LPA toured the facility inside and outside including all of resident rooms, common areas & kitchen. No accessible bodies of water or fire safety hazards observed. The indoor and outdoor passageways were free from obstruction. This is a one story facility; there were two clients present at the facility, the other 3 clients were at their day programs. There are three resident bedrooms, two of which are shared and one that is currently a single private room. All bedrooms were observed to have all required furnishings and in good repair. LPA observed two bathrooms to be clean and odor-free. Water temperature throughout the facility measured between 112-114 degrees F. LPA observed 2 days for perishables and 7 days non-perishables.
First aid kit was observed to be complete.

Dining room and living room were free from tripping hazards. A comfortable temperature of 68 degrees F is maintained and lighting is sufficient for comfort. Medications, sharps, and chemicals were observed locked an inaccessible to clients in care. LPA observed two staff rooms and one office room.

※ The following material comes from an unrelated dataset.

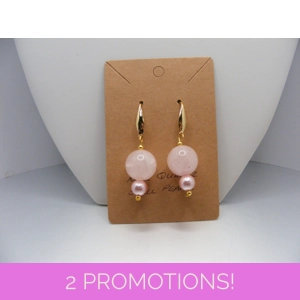 Rose Quartz and Shell Pearl earrings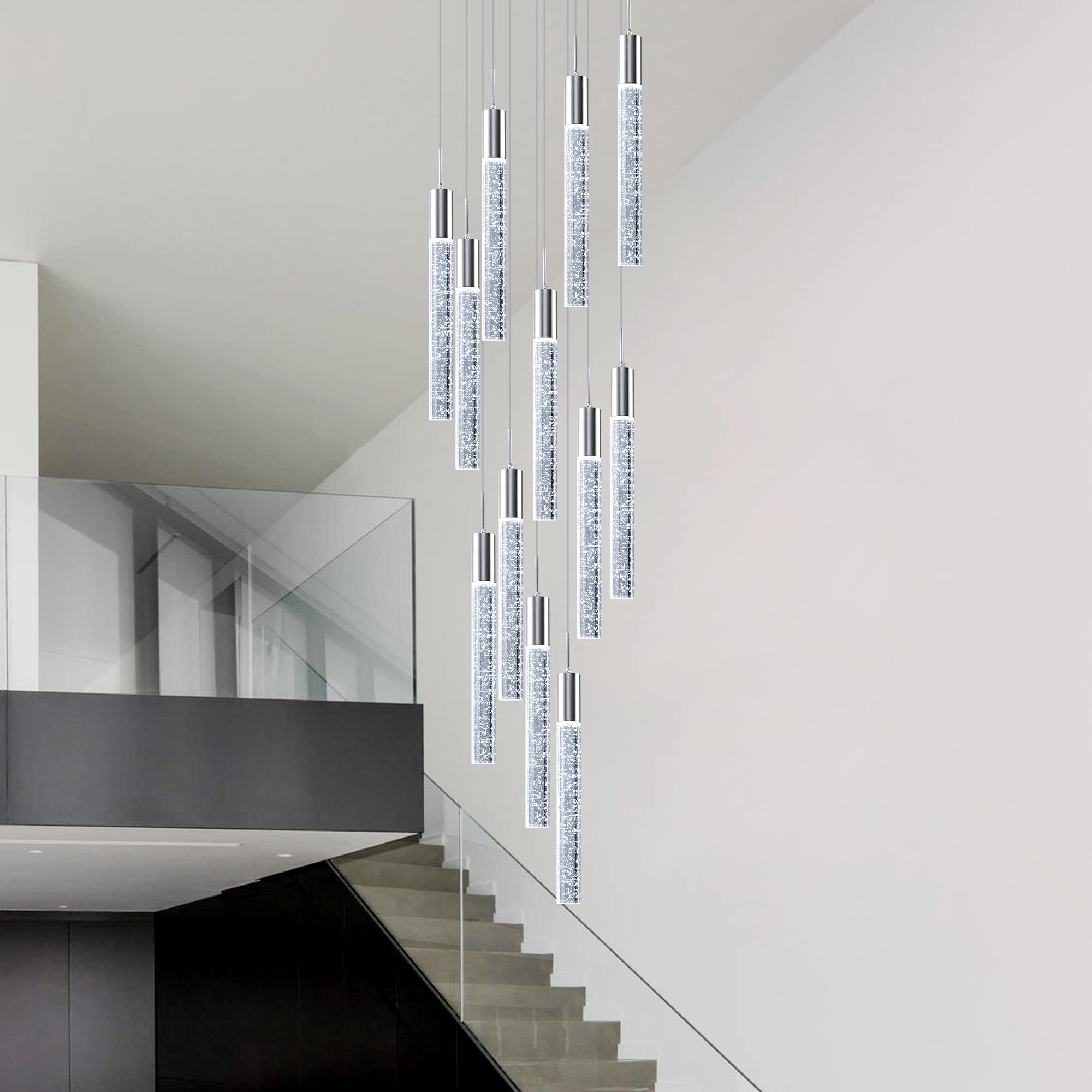 Modern 12-Light Crystal Chandelier for High Ceilings - Large Spiral LED Raindrop Pendant Light with Chrome Finish | Perfect for Foyer, Staircase, Living Room & Dining Room Lighting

Carbon monoxide monitors are working properly. All fire extinguishers have been checked and current as of January 2025. Emergency drills are conducted every 3 months and logged. LPA reviewed 5 client records and 2 staff records. Client records are updated, complete and signed. Staff records are complete, with training logs that have met the basic requirement. Medication review was done, and all medications are accounted for, and centrally stored medication records are updated.

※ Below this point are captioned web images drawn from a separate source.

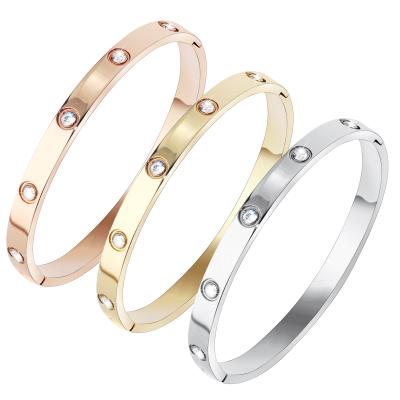 China 2020 Fashionable Jewelry Ladies Crystal Stone Cuff Stainless Steel Engraved Screw Bangle Bracelet à venda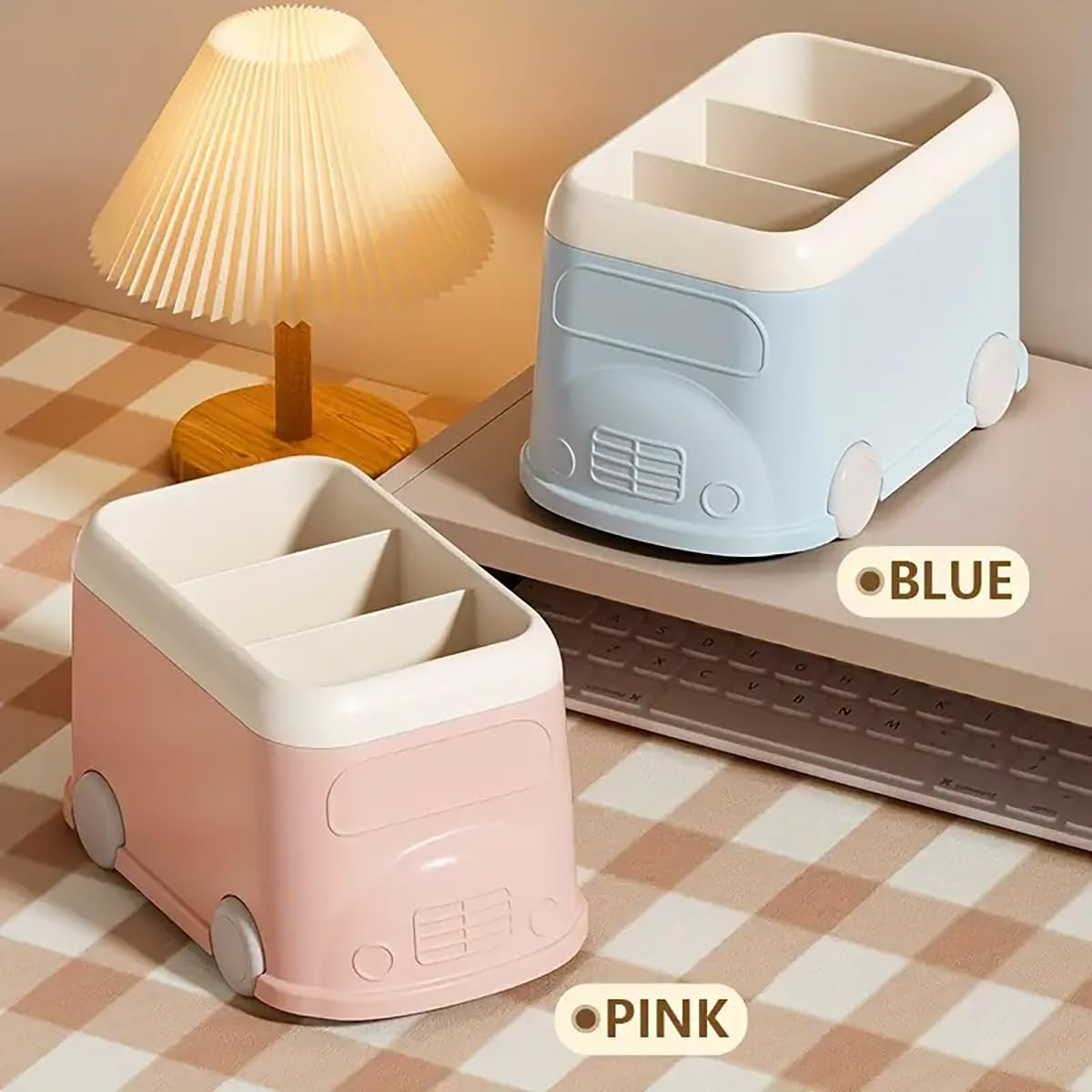 AIMALL Desktop Storage Box, Cartoon-Style Split Pen Holder, Multifunctional Stationery Storage Box, Desk Organizer for Office Sundries, Dimensions: 7.48X4.72X4.33 Inches - Blue image number 4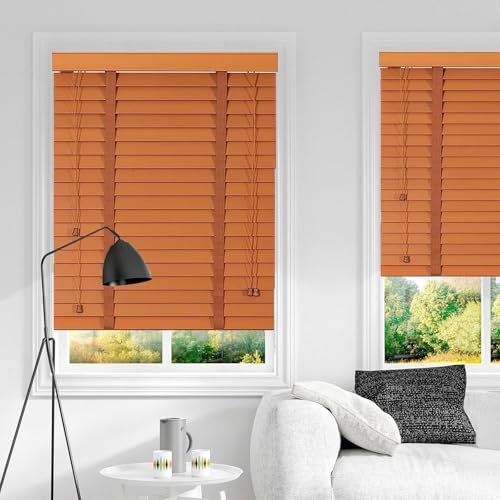 DZHTUF Horizontale Jalousien Innen, Jalousien Holz, 50cm 60cm 80cm 90cm 100cm 110cm 120cm, Massivholzjalousien, Verdunkelungsjalousien Für Fenster Und Türen,W×H-80x110cm/31x43in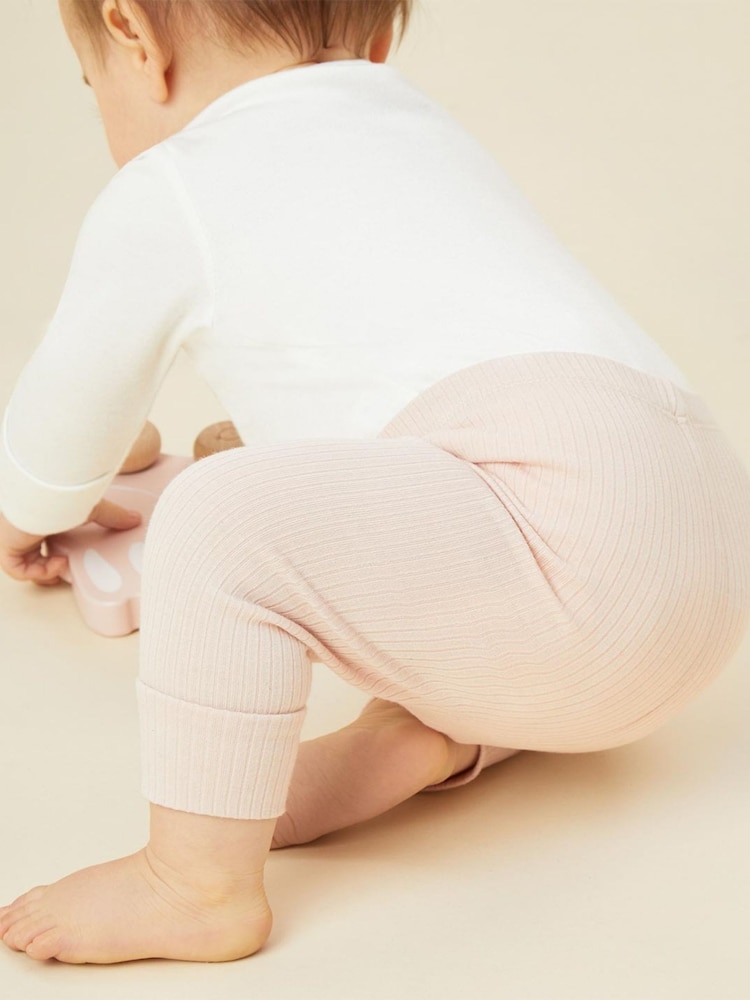 MORI Pink Ribbed Stretch Comfy Baby Leggings - Image 1 of 3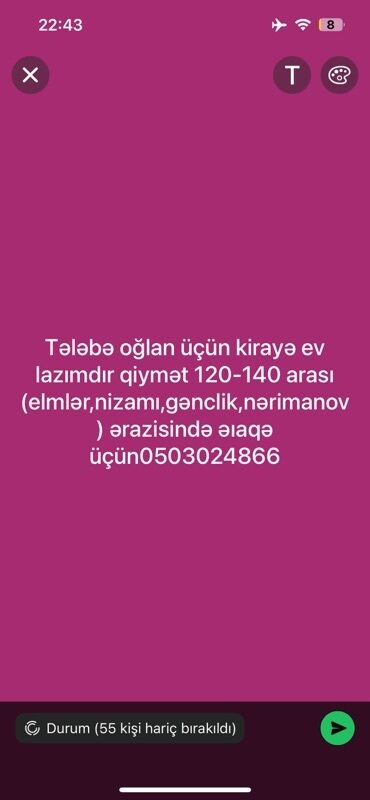 lənkəranda tələbələr üçün kirayə evlər: Tələbə oğlanlar üçün kirayə ev axtarılır. Evin qiyməti 120-140 AZN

No citations are issued during this visit. Report is reviewed with the Licensee/Administrator and a copy is provided.
SUPERVISORS NAME: April Cowan
LICENSING EVALUATOR NAME: Komal Charitra
LICENSING EVALUATOR SIGNATURE: DATE: 01/22/2025
I acknowledge receipt of this form and understand my licensing appeal rights as explained and received.
FACILITY REPRESENTATIVE SIGNATURE: DATE: 01/22/2025
This report must be available at Child Care and Group Home facilities for public review for 3 years.